13. The fan blade assembly of claim 7, wherein said plurality of
longitudinal spars include at least one center radial spar
extending through a center region of each rib and a plurality of
radial edge spars, with each radial edge spar positioned adjacent
to an edge of each rib.
14. The fan blade assembly of claim 13, wherein said center radial
spar is adjacent to the lower member of each rib.
15. The fan blade assembly of claim 7, wherein each of said ribs
further comprise an upper and lower bow and a pair of internal
bridge trusses extending between the upper and lower bow.
16. The fan blade assembly of claim 15, wherein said ribs include a
rib plate disposed between said pair of internal bridge trusses and
extend between the upper and lower bow.
17. The fan blade assembly of claim 15, wherein said internal
bridge trusses each include a pair of crossed members and a pair of
side struts positioned on opposite sides of each respective pair of
cross members.
18. The fan blade assembly of claim 7, wherein said ribs each
comprise a rib plate having at least one aperture therein.
19. The fan blade assembly of claim 18, wherein each of said ribs
further comprise a radial reinforcement plate disposed transversely
to said rib plate.
20. The fan blade assembly of claim 19, wherein said radial
reinforcement plate extends transversely on both sides of said rib
plate.
21. The fan blade assembly of claim 7, wherein said plurality of
longitudinal spars include at least one center radial spar and a
plurality of radial edge spars, said spars being positioned
adjacent to an edge of each rib.
22. The fan blade assembly of claim 21, wherein said plurality of
longitudinal spars further comprises auxiliary spars adjacent to an
edge of each said rib, said at least one center radial spar further
comprising an upper and a lower center radial spar, and said
plurality of radial edge spars further comprising a first edge
radial spar and a second edge radial edge spar.

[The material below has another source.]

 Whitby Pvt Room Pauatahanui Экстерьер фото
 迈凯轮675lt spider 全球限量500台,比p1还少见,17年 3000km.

23. A fan blade assembly for a ceiling fan, said fan blade assembly
comprising:
(1) a blade hub assembly having a central hub and a plurality of
blade stems extending radially from said central hub;
(2) a plurality of fan blades, each blade attached to a respective
one of said blade stems; and
(3) a lighting assembly for illuminating the fan blades;
each of said fan blades further comprising a support frame and a
blade covering material, wherein said support frame includes: (a) a
plurality of spars including at least one center radial spar and a
plurality of radial edge spars, (b) a plurality of ribs, and (c) a
pair of end pieces including a proximal end piece and a distal end
piece;
wherein said blade covering material covers at least a portion of
the support frame;
wherein each said fan blade has a longitudinal axis, wherein the
plurality of spars extend along the longitudinal axis of the fan
blade from the distal end piece to the proximal end piece, the
radial edge spars are disposed on opposite sides of the at least
one center radial spar and spaced apart therefrom, the plurality of
ribs extend transversely to the longitudinal axis of the respective
fan blade at spaced distances therealong, the radial edge spars
being attached to each of said ribs at an edge thereof; and
wherein said lighting assembly further comprises: (a) at least one
light fixture attached to the proximal end piece, (b) a pivotal
electrical hookup for providing power to said at least one light
fixture, said pivotal electrical hookup further comprising a
contact ring, an insulating sleeve disposed adjacent the contact
ring, and a plurality of connecting wires extending between the
contact ring and the at least one light fixture, and (c) a brush
and wire assembly for providing a positive electrical current to
the contact ring, wherein said positive electrical current from the
brush and wire assembly flows to the contact ring through the
connecting wires to the at least one light fixture.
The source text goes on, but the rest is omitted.